I believe that everyone has the opportunity to make their own decisions, and that no one else can make those decisions for you. I also feel like everyone is accountable for their actions, and that they should take responsibility for those actions. Something that I really agree with David Banach on is that “we [all] attempt to deceive ourselves and act as if we weren't free, as if we were really determined by our nature, our body, or the expectations of other people." Some people let others make the decisions for them, while some are also too weak or scared to make the decisions for themselves. It's like those cliques that have one leader, and the rest of the people follow the leader without questioning anything that the leader is saying.

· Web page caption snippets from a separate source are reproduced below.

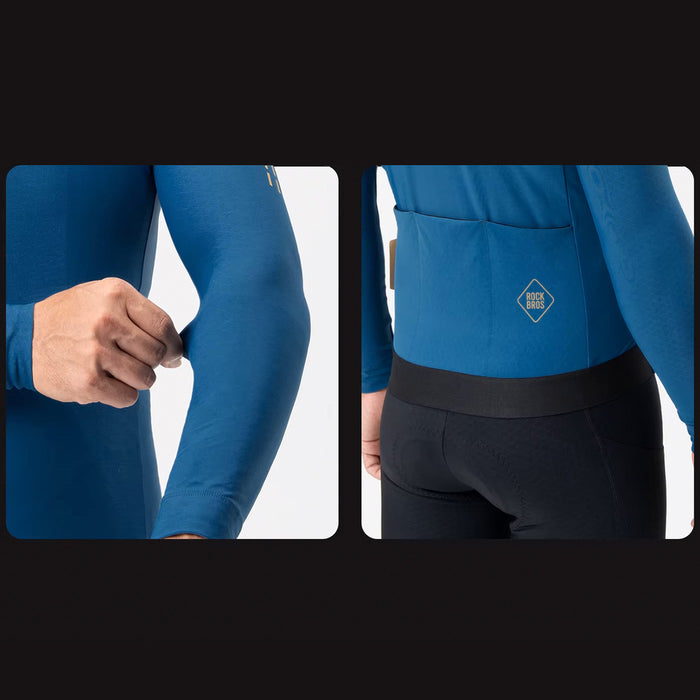 Колоездачно фланелко Rockbros YDWT020 Diamond, пролет/есен/зима, размер S - син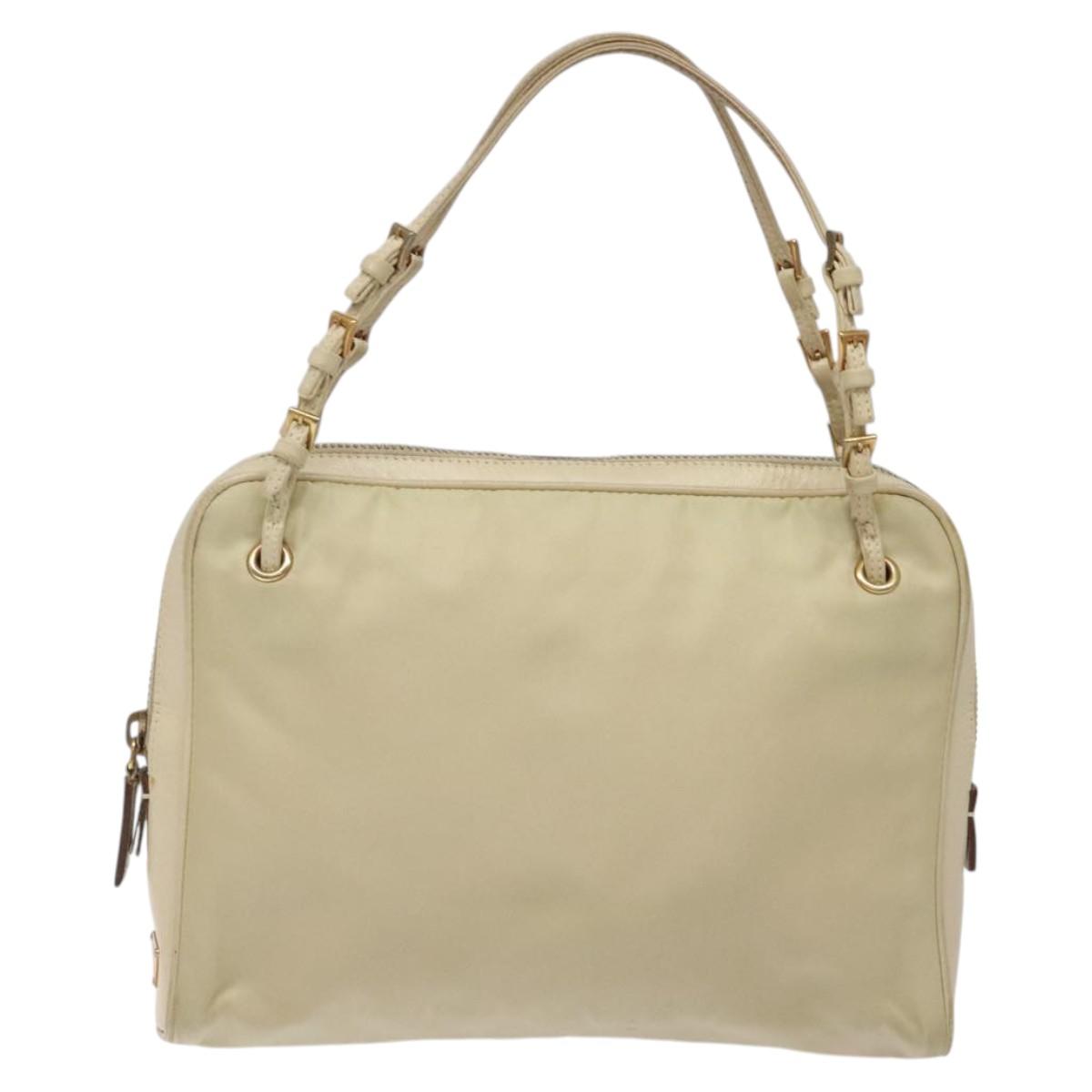 PRADA Hand Bag Nylon Leather Beige Gold Auth bs26363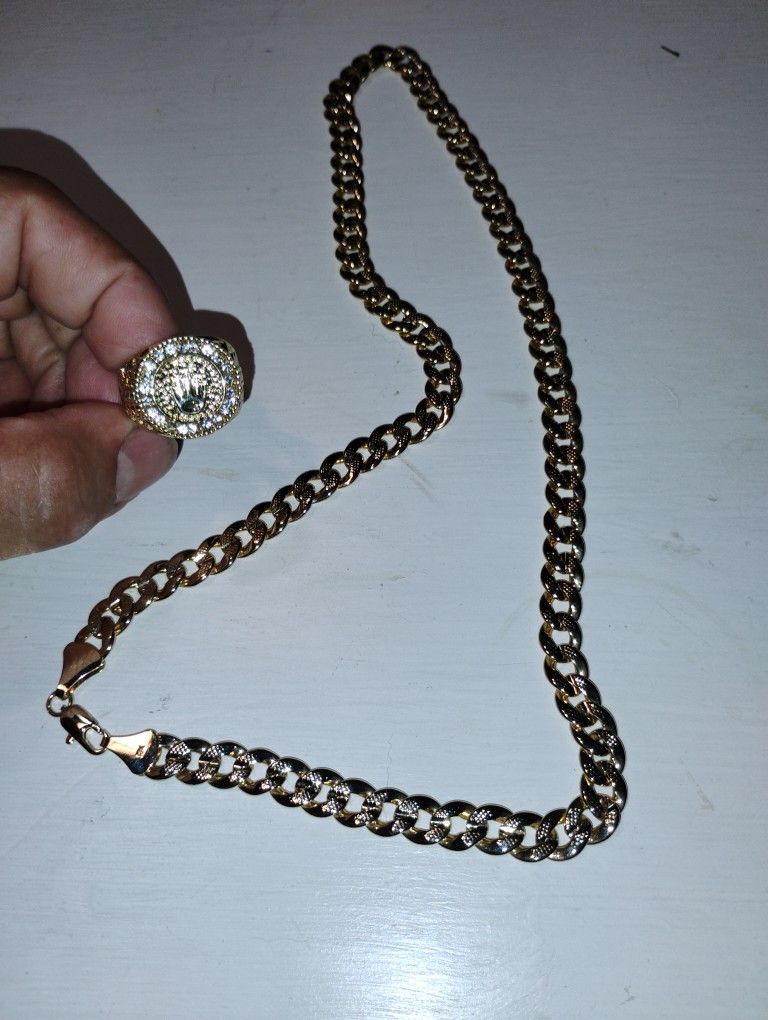 18 k Gold Plated Hip-hop Necklace And Diamond Ring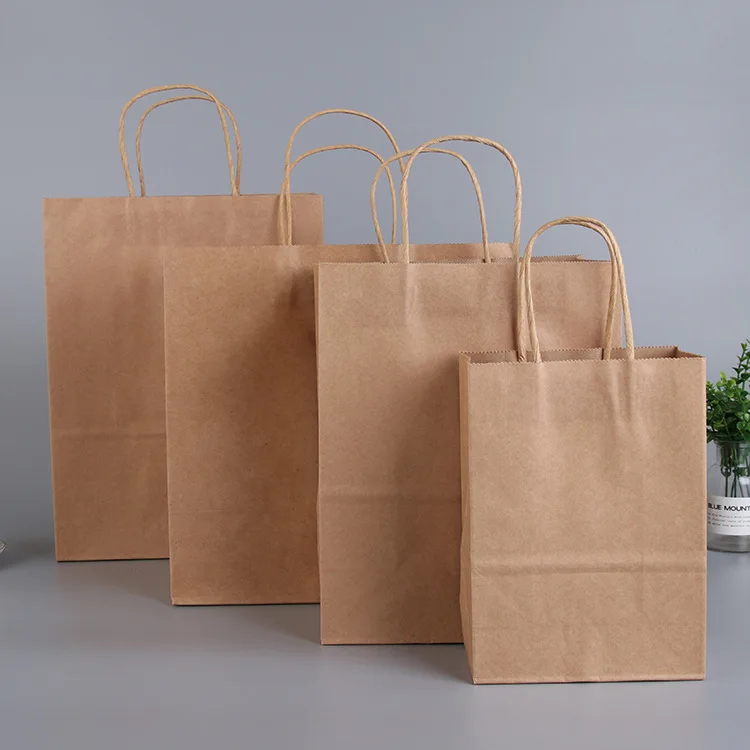 Fashionable Simplicity Large-Capacity Kraft Paper Bags Accept Recyclable Packaging with Custom Logo Print for Gift Shopping Use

Even though I do not feel this way, some people may feel safer having someone tell them step by step what to do in their lives. Yet life does not come with an instruction booklet, and people have to learn for themselves how to live.
I believe there is more to being a teenager than doing drugs and drinking. I don’t really agree with getting drunk to be wasted, or so high you can’t function. I like being in control of my body, and would not like some other force to be controlling me instead. One of my friends once said to me something along the lines of “you don’t smoke? What do you do with your life? Oh my God you’re an Angel!” My friend was so surprised, which I found a good example of how teenagers can be today. I feel like it is pathetic how dependent on drugs some kids are. How trashed they get just because it’s “cool”. I think it’s sad how some friendships are made where kids are just using other kids for drugs and alcohol.

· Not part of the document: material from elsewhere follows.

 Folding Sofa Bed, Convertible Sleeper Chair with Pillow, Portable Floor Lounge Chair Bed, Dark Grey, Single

I believe that it is bad to try and possess another individual, and that “if I attempt to enslave others or use them as objects, I make myself a slave and an object”, that “the person who uses other people as objects to satisfy his desires makes himself an object” and that “the manipulator, who attempts to buy and sell other people for his own ends, finds that he has sold his soul as well by seeing himself merely as his desires.” To summarize this quote, and connect it to a quote that I really like there is this quote: “Then you will find your servant is your master” (Wrapped Around Your Finger, By The Police) I like this idea that if a person holds someone else as a servant, they will find the servant to be their master. If you try to control another individual, you may find the roles to be reversed, and that they end up controlling you instead of the other way round.

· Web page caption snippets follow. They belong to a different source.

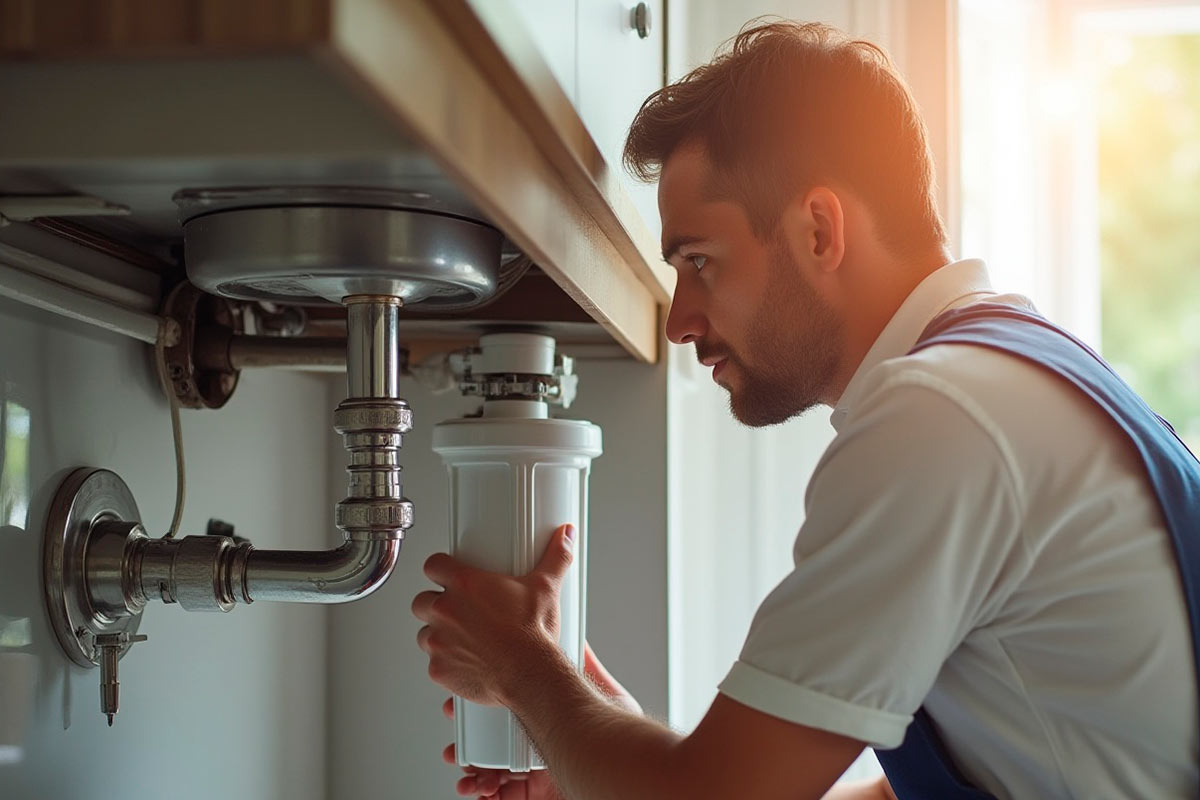 Persona instalando filtro de agua en casa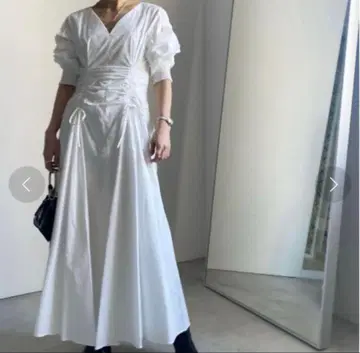 Ameri Vintage 롱 원피스 화이트 롱 원피스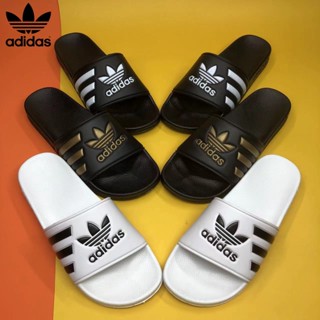 Adidasรองเท้าแตะลำลองแฟชั่นสำหรับผู้ชายและผู้หญิง พื้นรองเท้ากันลื่นสวมใส่นุ่มสบาย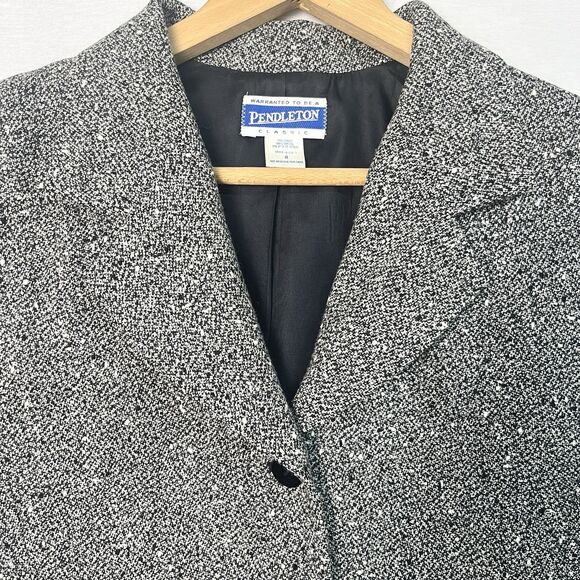 VTG Pendleton Classic Womans Size 8 Gray Black Tweed Wool Blazer Jacket - Picture 5 of 10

While David Banach feels like we are alone, and that “no one else can feel what we feel, and we cannot feel what is going on in anyone else’s minds”, I believe that there are times where we can share each other’s thoughts. Sometimes, you really can hear and think someone else’s thoughts. It just depends who the person is and the relationship that you have with them. For example, I am very close to my best friend Yasmin J. We have known each other since sixth grade, and can in a way share each other’s thoughts. We cannot have a conversation without echoing each other at least once. We have such a strong connection, that we can be talking about one topic, and then I could say something like “eww” and Yasmin would be like “what, are you talking about (insert name here)?” She knows my thoughts, without me having to say them sometimes.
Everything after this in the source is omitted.